_Material to process_.

+---+

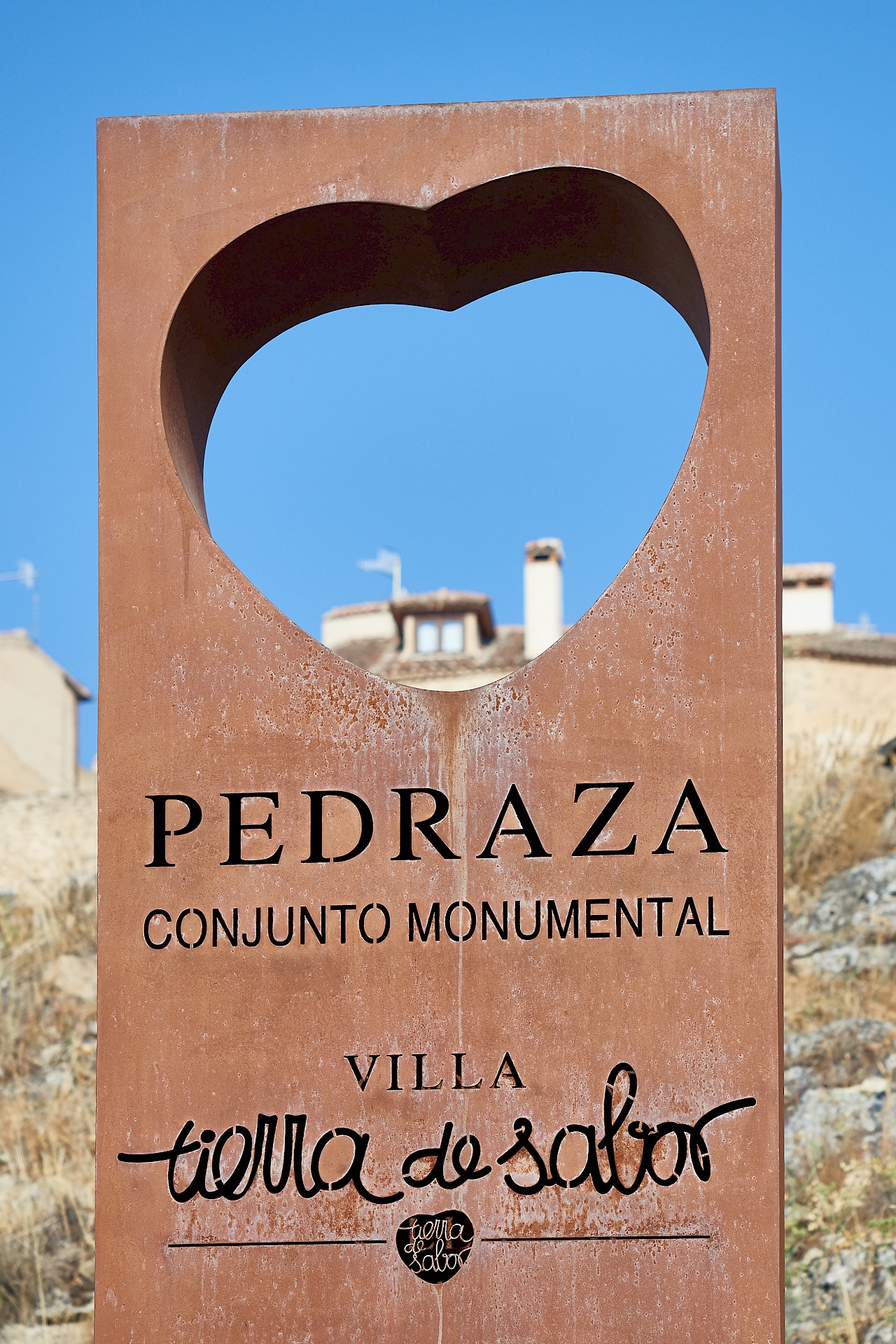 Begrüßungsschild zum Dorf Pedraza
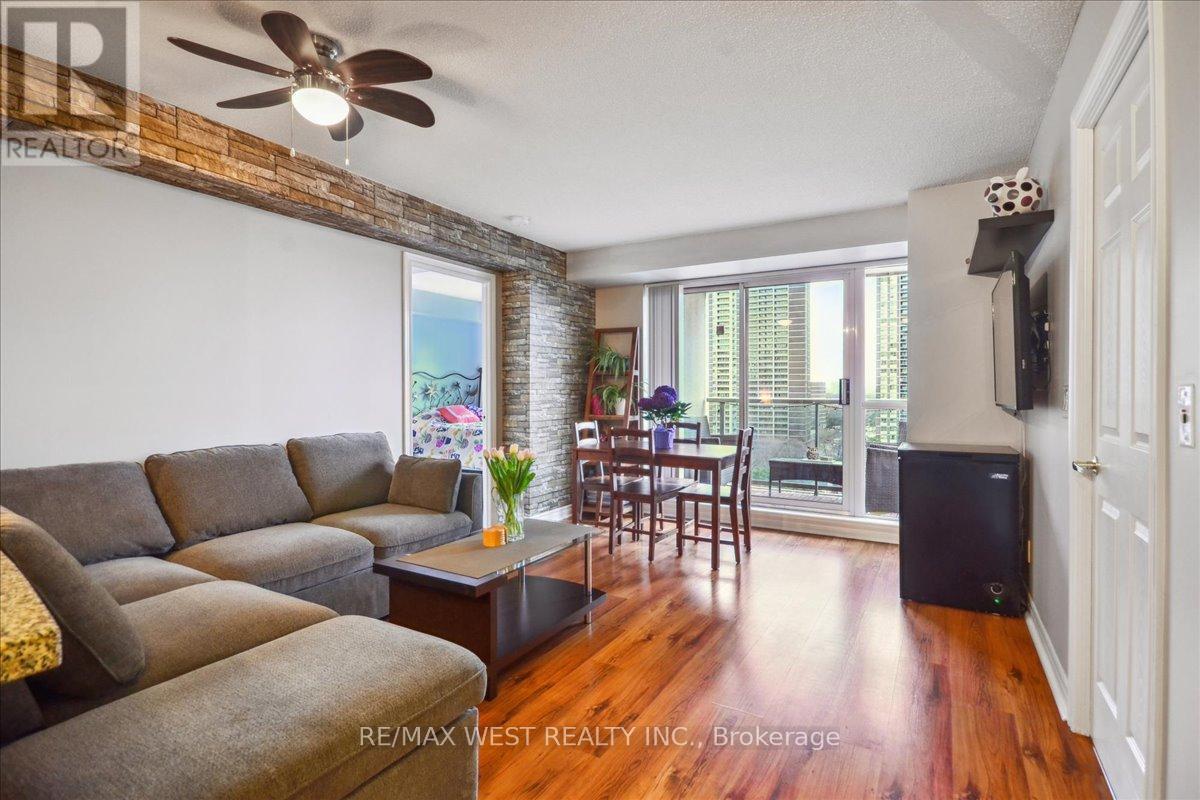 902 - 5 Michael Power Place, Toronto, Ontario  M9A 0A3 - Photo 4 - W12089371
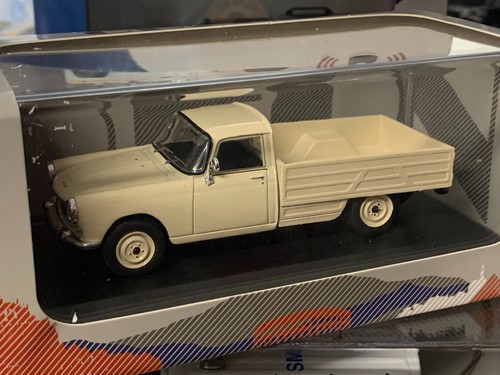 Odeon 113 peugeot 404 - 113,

+---+

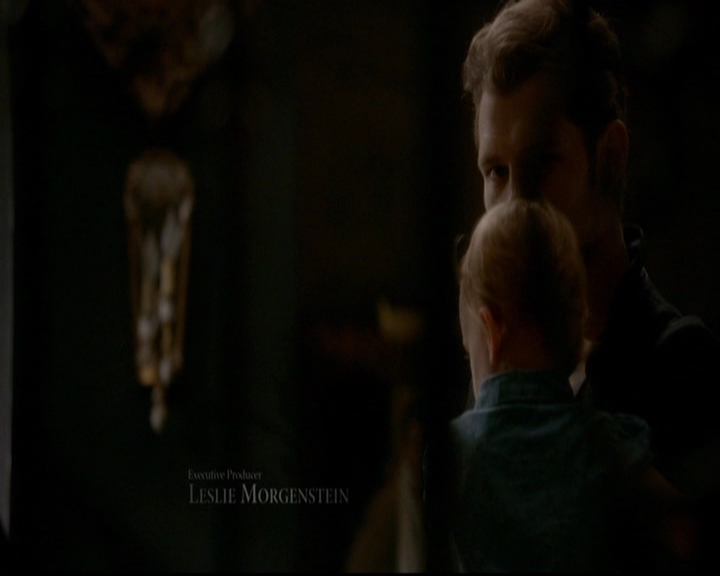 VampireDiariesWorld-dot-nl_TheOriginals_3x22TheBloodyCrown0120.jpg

+---+

_Task instructions_. Leave out every picture, and copy exactly the lines above starting at the one holding "Begrüßungsschild zum Dorf Pedraza" and ending at the one holding "Odeon 113 peugeot", no more and no less.

_Exercise solution_.
 Begrüßungsschild zum Dorf Pedraza
 902 - 5 Michael Power Place, Toronto, Ontario  M9A 0A3 - Photo 4 - W12089371
 Odeon 113 peugeot 404 - 113,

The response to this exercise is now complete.